Copy everything in the listing below word for word, apart from any images.

▶ [The data]
══════════
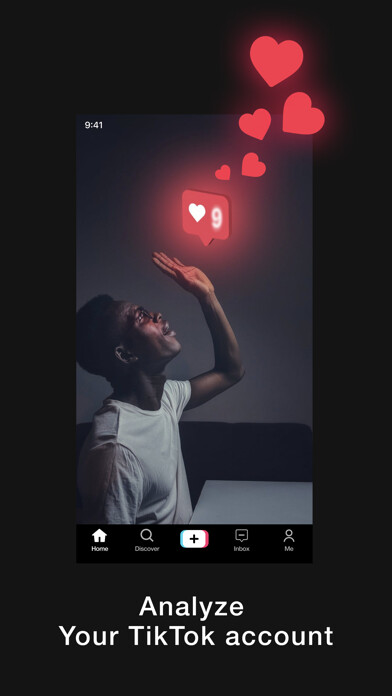 Emulate iPhone app TikStat - Analyze your account using MyAndroid Emulate iPhone app TikStat - Analyze your account using MyAndroid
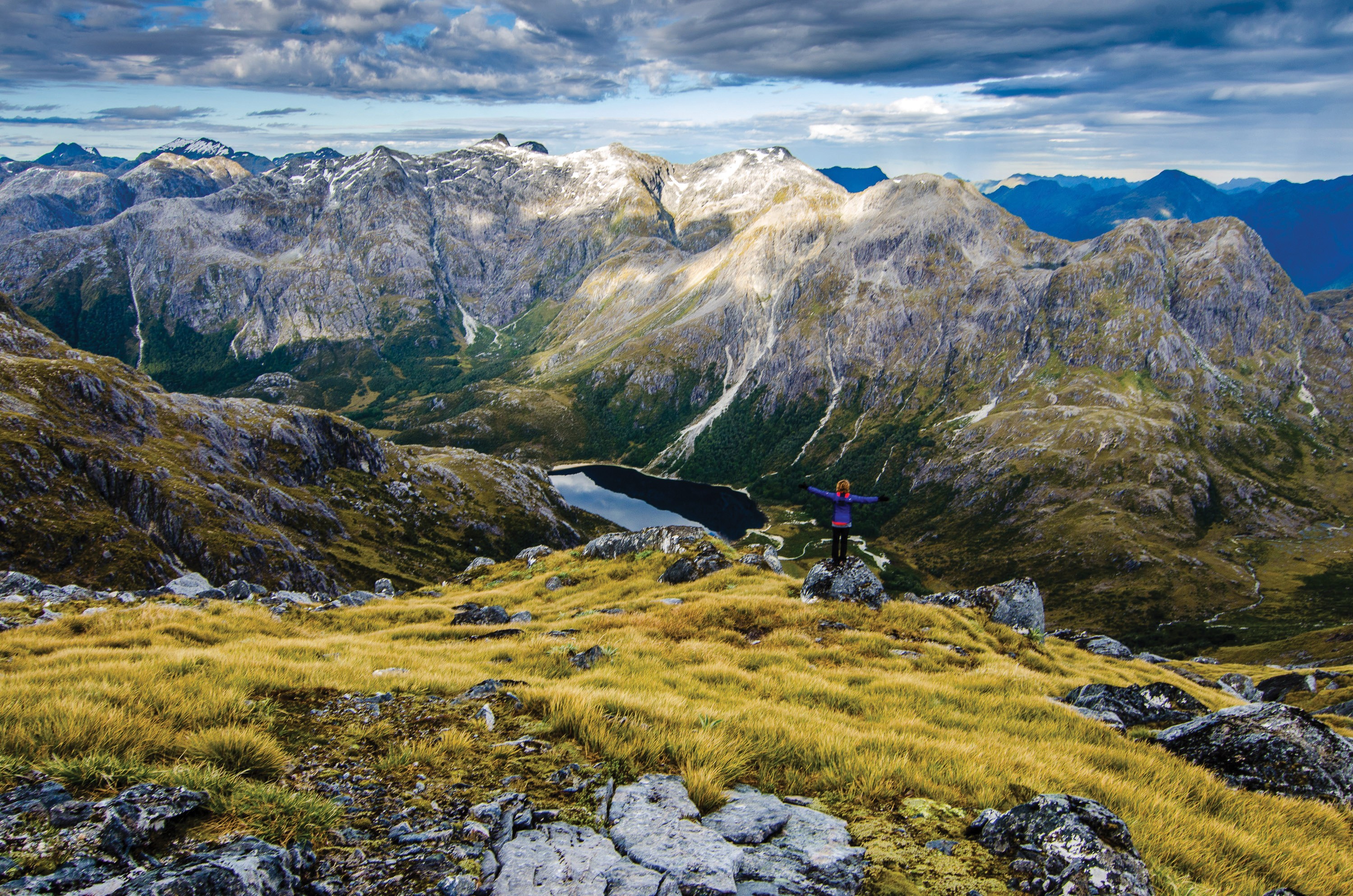 Neuseeland Fiordland Fox Gletscher Helikopter Wanderung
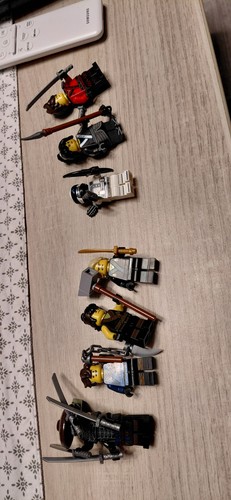 Ninjago collection des 6 - la,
══════════
▶ [The answer]
 Emulate iPhone app TikStat - Analyze your account using MyAndroid Emulate iPhone app TikStat - Analyze your account using MyAndroid
 Neuseeland Fiordland Fox Gletscher Helikopter Wanderung
 Ninjago collection des 6 - la,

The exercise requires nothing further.